> [The problem]: Your answer must be the exact lines from the one with "property at 163 Sequoia Trce" to the end of the data, both included, with no pictures.

> [Raw data]:
· · ·
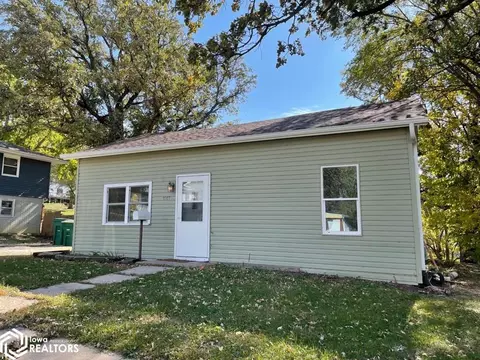 1009 9th St, Corning, IA 50841 photo 2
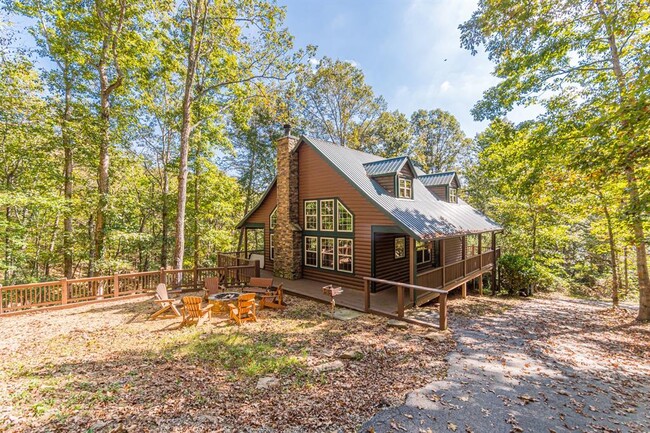 property at 163 Sequoia Trce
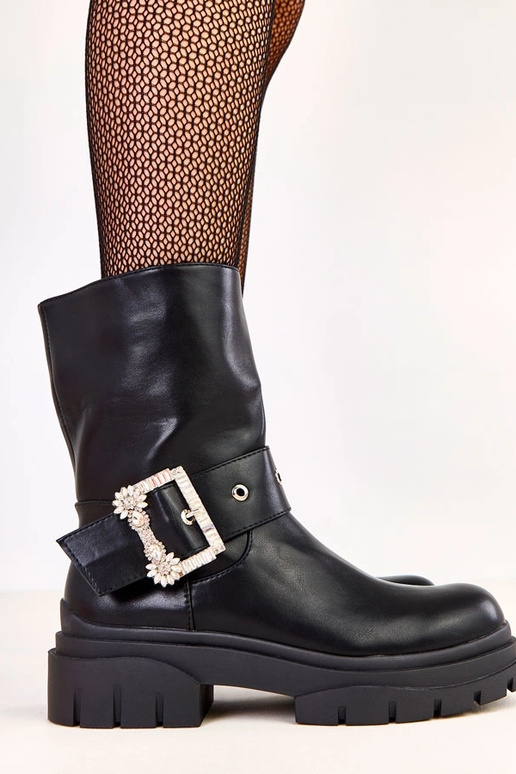 Mustad saapad kaunistatud nööbiga ja...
· · ·
> [Exercise response]:
 property at 163 Sequoia Trce
 Mustad saapad kaunistatud nööbiga ja...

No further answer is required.